◆ **INSTRUCTIONS FOR THE TASK**: Would you please copy only the lines from the line that contains "Two Beautiful Double" to the end of the data below, exactly, leaving every picture out?

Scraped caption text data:
Content starts

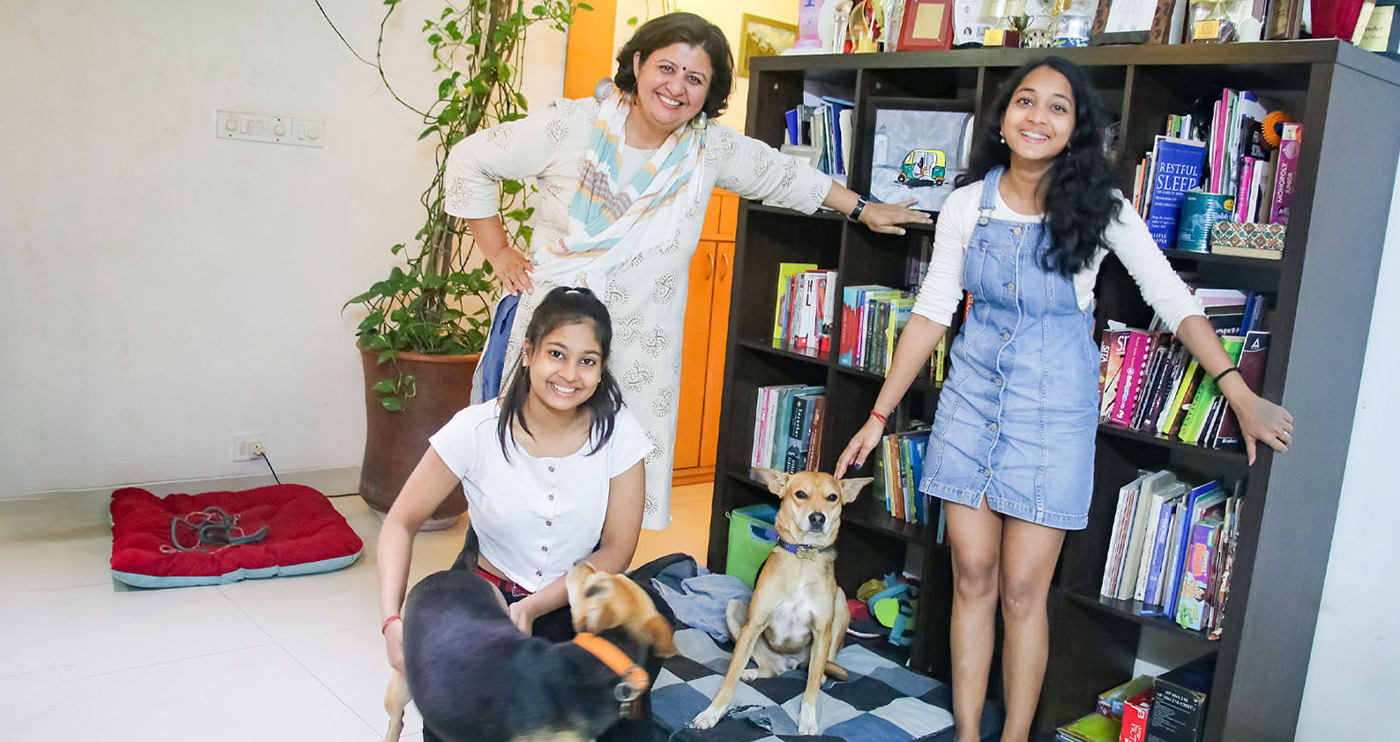 Co-founder Malini Parmar with her daughters and pets in their home in Bangalore. Photo: UN Women/Zoya Khanday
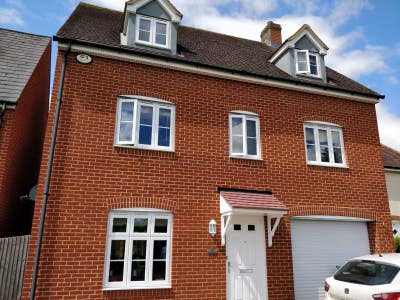 Two Beautiful Double Rooms Available Here!  Main Photo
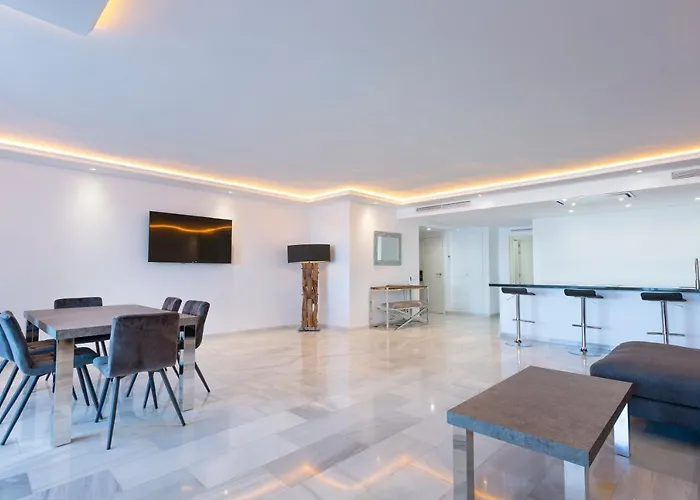 B51 Executive Flats شقة فندقية ماربيا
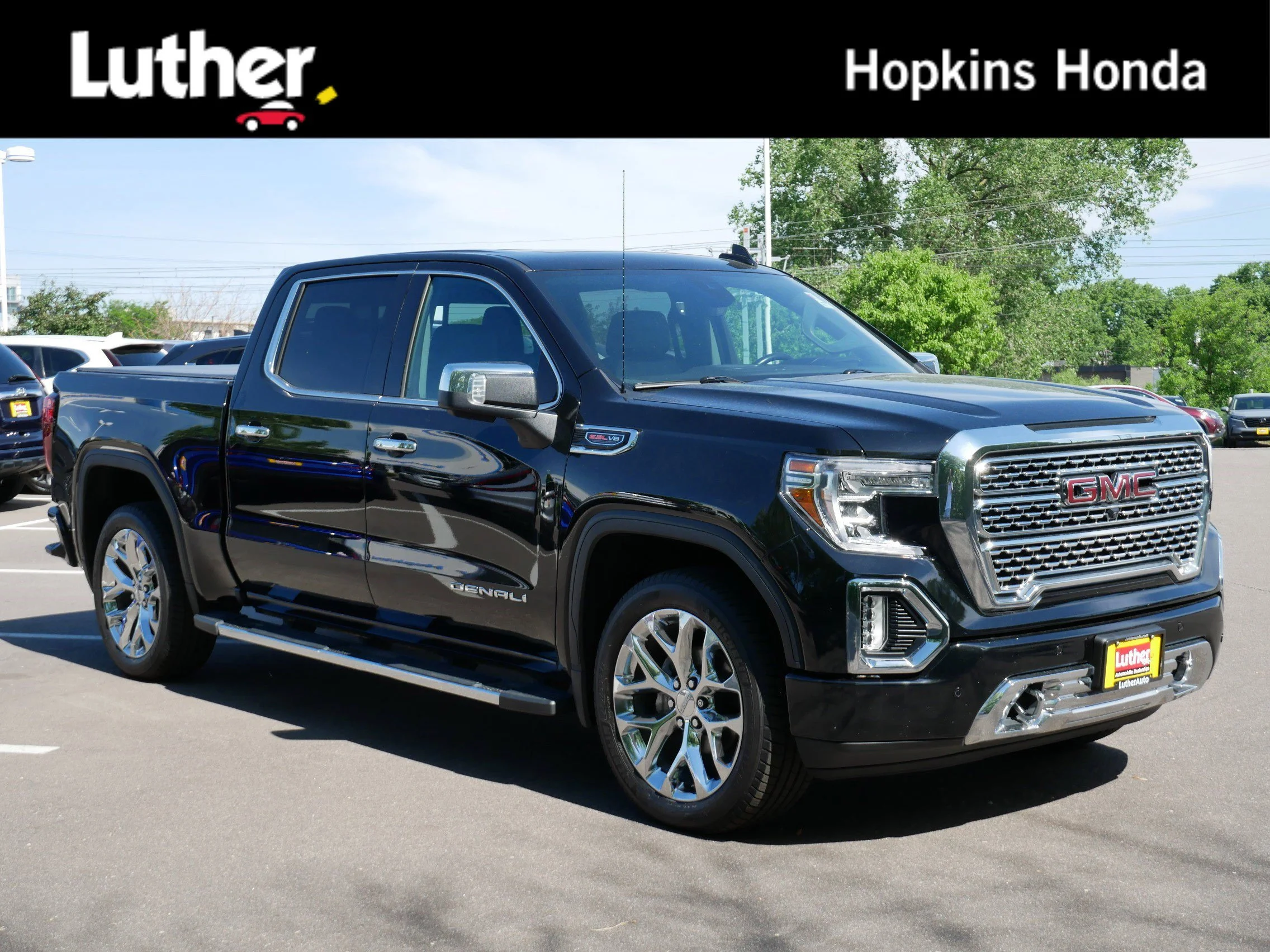2020 GMC Sierra 4WD Crew Cab Short Box Denali's photo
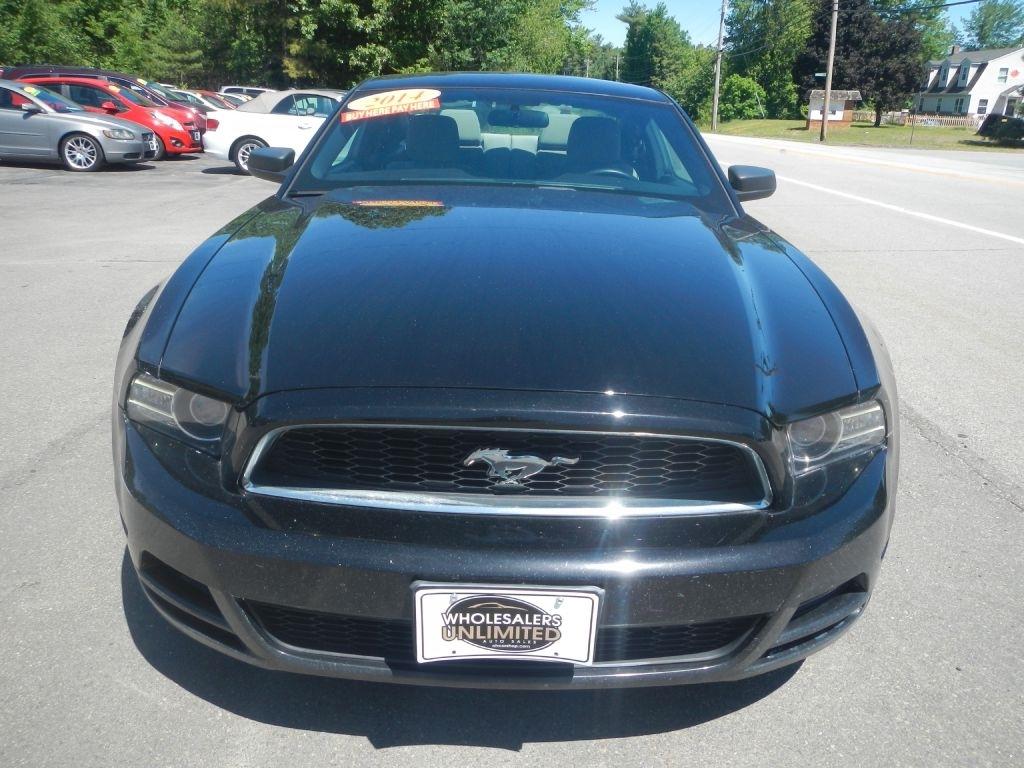 Ford Mustang V6 Coupe 2014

Content ends

◆ **REPLY TO THE TASK**:
 Two Beautiful Double Rooms Available Here!  Main Photo
 B51 Executive Flats شقة فندقية ماربيا
2020 GMC Sierra 4WD Crew Cab Short Box Denali's photo
 Ford Mustang V6 Coupe 2014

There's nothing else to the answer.